● **Work order**:
Nothing outside the stretch is wanted. Repeat exactly the lines of the listing below from the one that contains "Isometric Notebook: Graph" through the one that contains "Alpine Mist Moa PBT Keycaps Mac Compatible", both ends included.

● **Data provided**:
----

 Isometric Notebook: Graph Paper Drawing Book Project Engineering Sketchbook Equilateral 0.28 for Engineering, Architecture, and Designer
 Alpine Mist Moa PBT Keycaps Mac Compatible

----

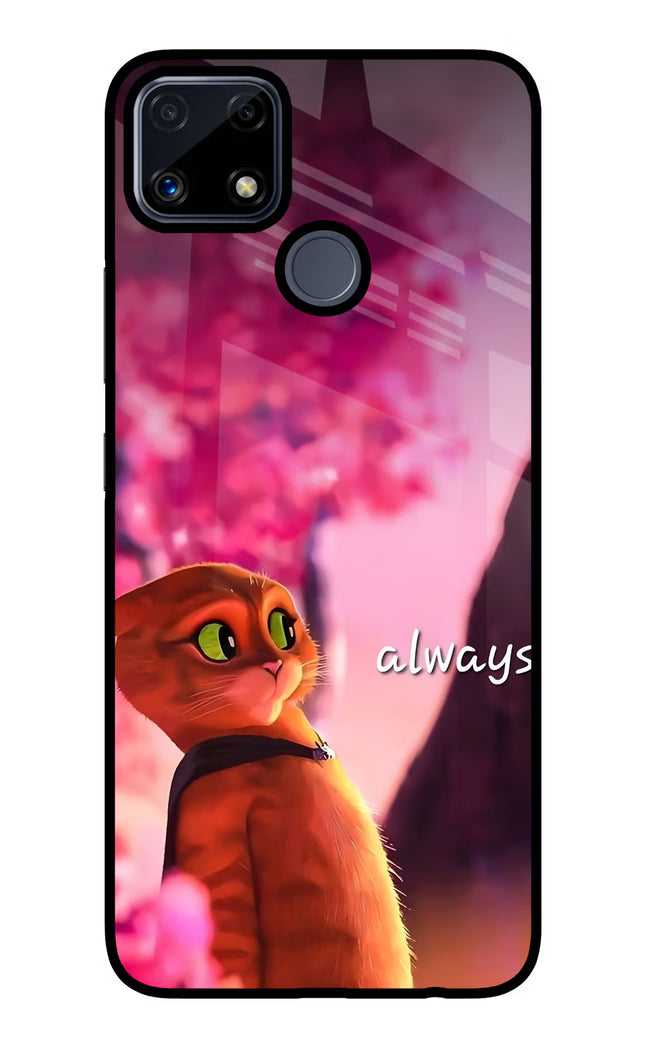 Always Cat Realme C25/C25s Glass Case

----

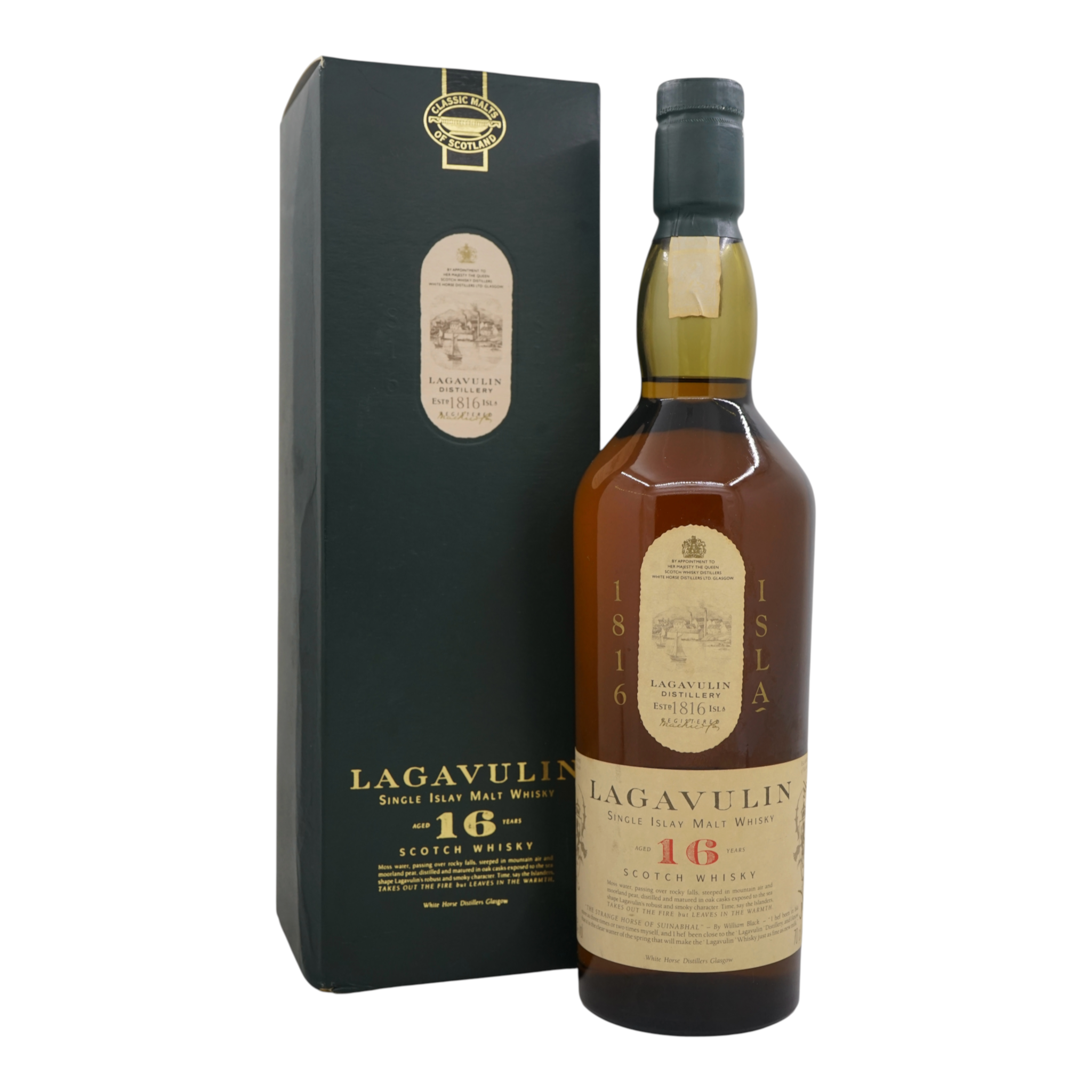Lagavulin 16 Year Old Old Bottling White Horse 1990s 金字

----

● **Result of this task**:
 Isometric Notebook: Graph Paper Drawing Book Project Engineering Sketchbook Equilateral 0.28 for Engineering, Architecture, and Designer
 Alpine Mist Moa PBT Keycaps Mac Compatible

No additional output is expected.